• WORK INSTRUCTION
A word-for-word copy of the data, pictures excluded, is what this task asks for.

[Extracted records]
□ □ □ □

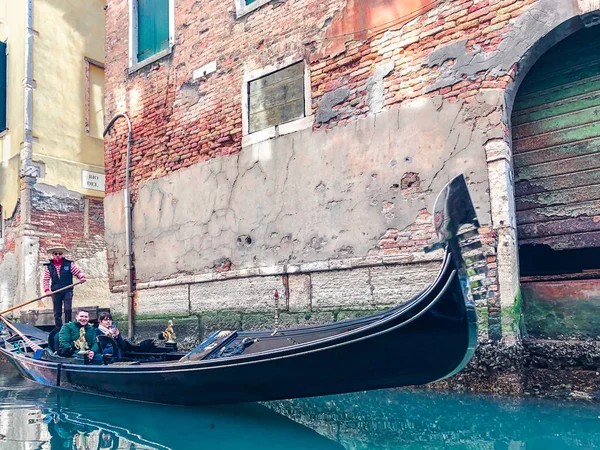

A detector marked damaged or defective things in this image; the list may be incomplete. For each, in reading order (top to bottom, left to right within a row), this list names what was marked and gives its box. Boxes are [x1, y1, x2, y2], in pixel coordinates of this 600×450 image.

cracked stucco [104, 93, 502, 284]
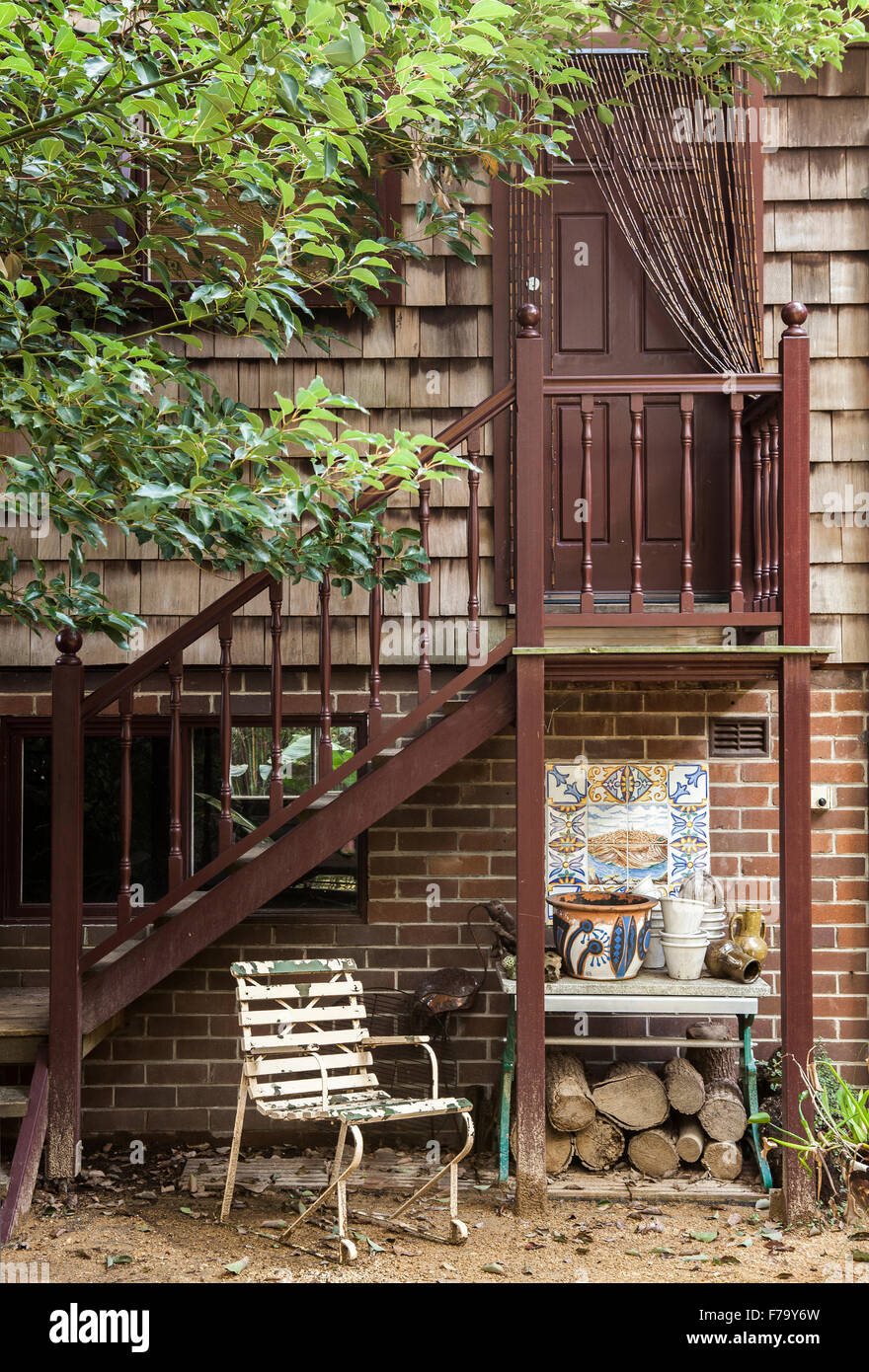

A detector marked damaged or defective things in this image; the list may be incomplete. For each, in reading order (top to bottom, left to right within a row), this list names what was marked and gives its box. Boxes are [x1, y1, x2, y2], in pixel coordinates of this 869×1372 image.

peeling paint chair [219, 955, 476, 1263]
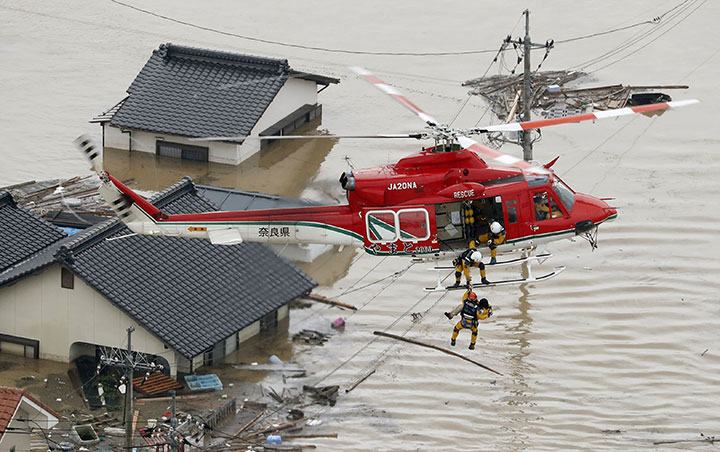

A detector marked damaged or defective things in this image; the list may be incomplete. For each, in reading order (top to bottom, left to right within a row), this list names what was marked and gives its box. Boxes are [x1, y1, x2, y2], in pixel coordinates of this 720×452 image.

broken plank [374, 330, 504, 376]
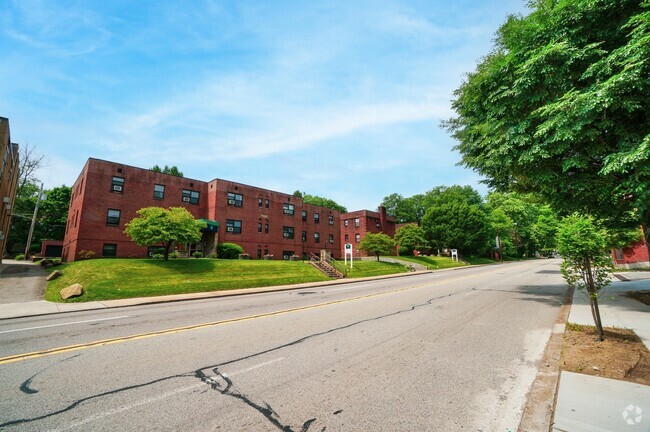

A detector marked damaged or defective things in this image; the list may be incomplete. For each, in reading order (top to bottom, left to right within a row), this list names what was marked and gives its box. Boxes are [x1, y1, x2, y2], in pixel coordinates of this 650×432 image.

crack in asphalt [2, 286, 464, 428]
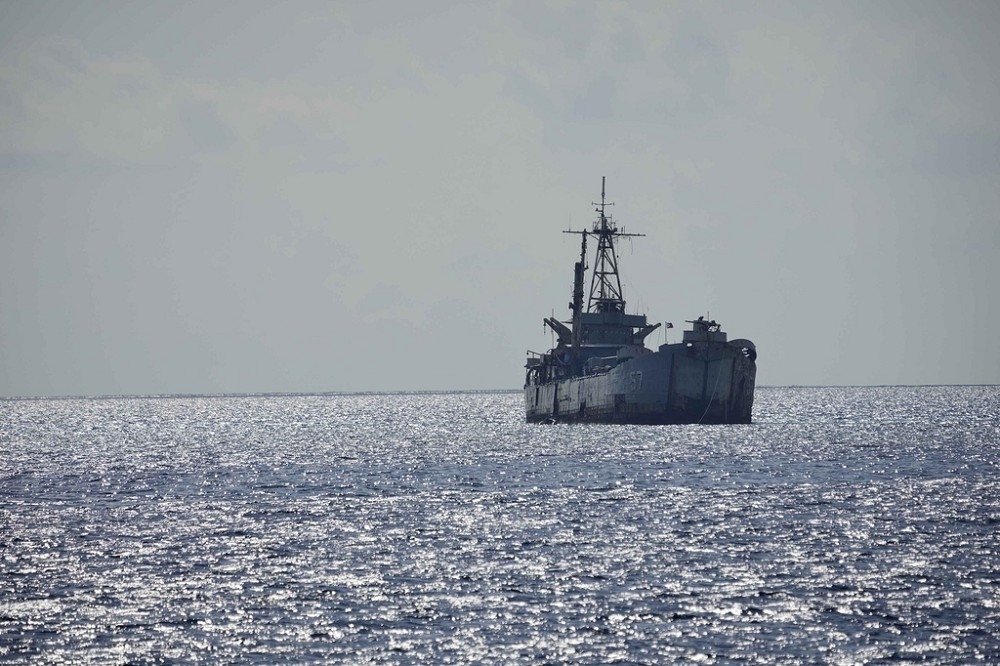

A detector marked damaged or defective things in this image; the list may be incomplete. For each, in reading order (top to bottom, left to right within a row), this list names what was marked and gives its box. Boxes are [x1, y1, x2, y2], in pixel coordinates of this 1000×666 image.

rusted ship hull [528, 340, 752, 422]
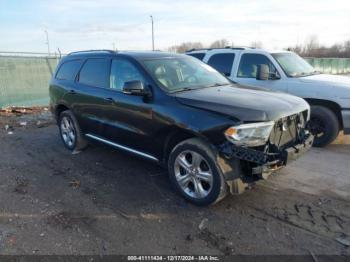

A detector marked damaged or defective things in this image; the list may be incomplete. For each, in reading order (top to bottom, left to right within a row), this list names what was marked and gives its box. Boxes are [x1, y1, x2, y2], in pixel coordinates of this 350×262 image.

front-end damage [217, 112, 314, 194]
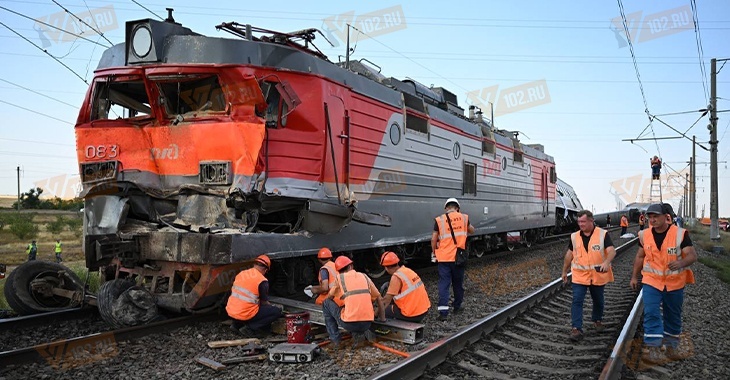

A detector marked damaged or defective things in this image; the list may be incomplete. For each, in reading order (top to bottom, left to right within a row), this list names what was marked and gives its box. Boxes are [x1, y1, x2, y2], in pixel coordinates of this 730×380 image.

broken windshield [91, 78, 153, 122]
broken windshield [151, 75, 225, 119]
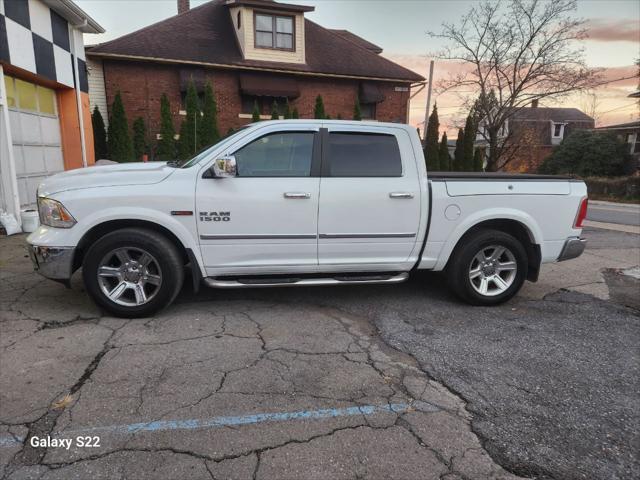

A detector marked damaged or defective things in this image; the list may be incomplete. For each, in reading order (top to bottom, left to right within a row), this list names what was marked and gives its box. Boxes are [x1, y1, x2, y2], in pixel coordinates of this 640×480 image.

cracked asphalt [0, 227, 636, 478]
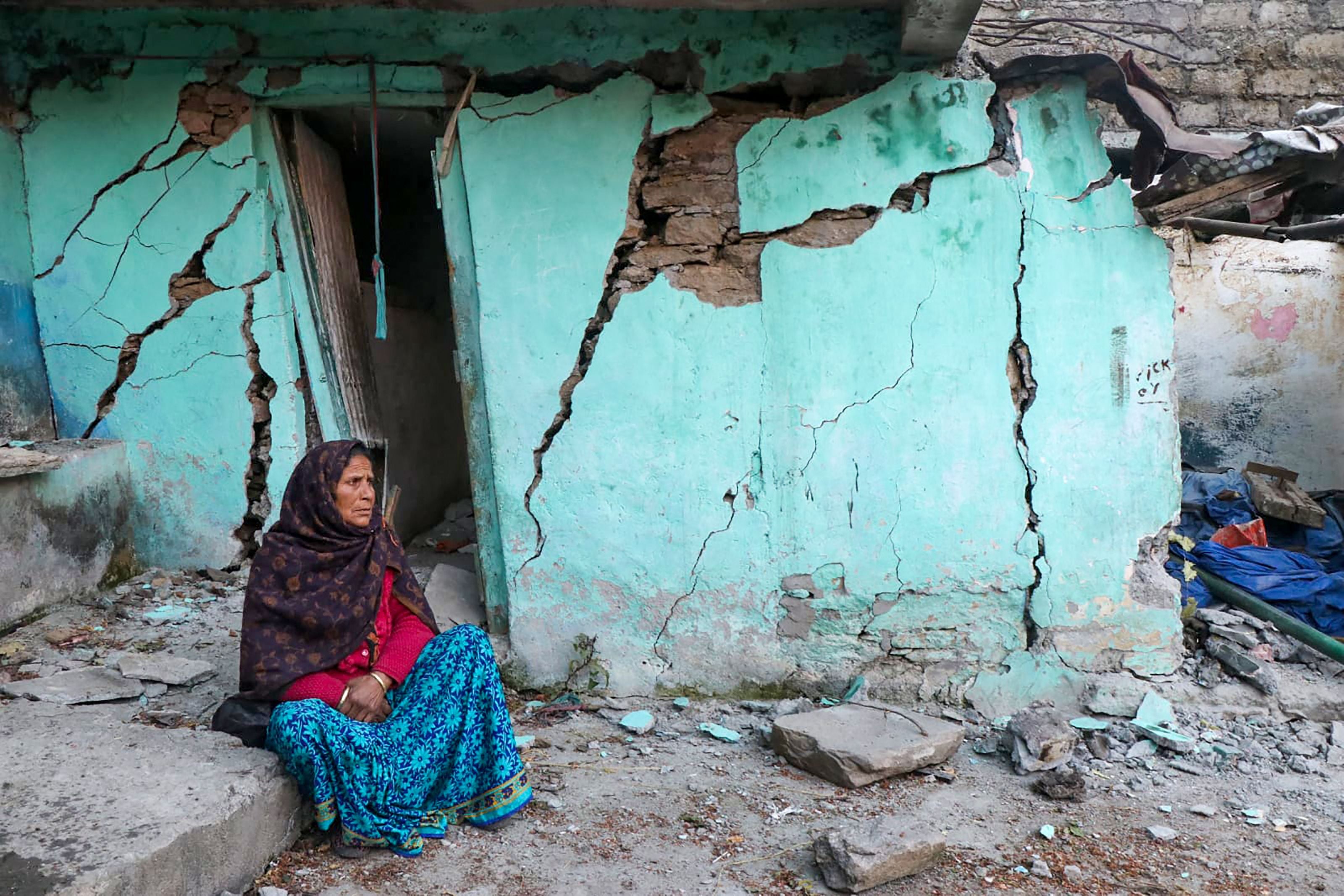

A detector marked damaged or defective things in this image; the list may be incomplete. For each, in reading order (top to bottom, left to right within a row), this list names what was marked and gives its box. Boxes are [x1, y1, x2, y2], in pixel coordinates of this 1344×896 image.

□ □ □ □

• EXERCISE ANSWER
A detector marked damaged or defective things in this image; the list may be incomplete. For each, in reading order (top to bottom, left to right within a row), this list names what was marked and gives its box. Boxes are [x1, y1, x2, y2], in pixel coordinates of this 600×450 image.

cracked stucco [104, 93, 502, 284]

A detector marked damaged or defective things in this image; the list may be incomplete. For each, in reading order (top to bottom, left to right within a row), this list names what was marked and gives its box. Boxes are [x1, y1, x2, y2], in pixel coordinates of this 869×1372 image.

peeling paint chair [219, 955, 476, 1263]

A detector marked damaged or defective things in this image; the list may be incomplete. For each, in reading order (top to bottom, left to right within a row), this list names what was marked and gives its box. Boxes are [x1, y1, x2, y2], in pixel coordinates of this 720×452 image.

broken plank [374, 330, 504, 376]

A detector marked damaged or defective things in this image; the list may be incomplete. For each, in reading order (top to bottom, left to right within a row), this list names what was marked and gives its box. Boxes are [x1, y1, x2, y2], in pixel coordinates of this 650×432 image.

crack in asphalt [2, 286, 464, 428]

A detector marked damaged or defective things in this image; the list may be incomplete. For each, in reading order (top to bottom, left to right within a row), this list names what was marked and gives its box. Boxes are [x1, y1, x2, y2], in pixel coordinates of this 1000×666 image.

rusted ship hull [528, 340, 752, 422]

A detector marked damaged or defective things in this image; the list may be incomplete. For each, in reading order (top to bottom, left to right within a row), this list names what was marked and gives its box. Boxes are [x1, y1, x2, y2], in pixel coordinates of this 350×262 image.

front-end damage [217, 112, 314, 194]

A detector marked damaged or defective things in this image; the list may be incomplete. For each, in reading order (top to bottom, left to right within a row), this list names what was marked and gives its box. Boxes are [x1, y1, x2, y2], in pixel coordinates of this 730×380 image.

broken windshield [91, 78, 153, 122]
broken windshield [151, 75, 225, 119]

A detector marked damaged or defective things in this image; the list may be incomplete. For each, in reading order (top to bottom, left to right within a row), this list names what was marked and gives its box. Boxes are [x1, y1, x2, y2], in pixel coordinates of this 640×480 image.

cracked asphalt [0, 227, 636, 478]

A detector marked damaged or defective things in this image; the list may be incomplete. For each, in reading order (top to bottom, left to right within a row), this list names what was marked and gives its box. Boxes are [x1, y1, x2, y2], in pixel coordinates of this 1344×896 image.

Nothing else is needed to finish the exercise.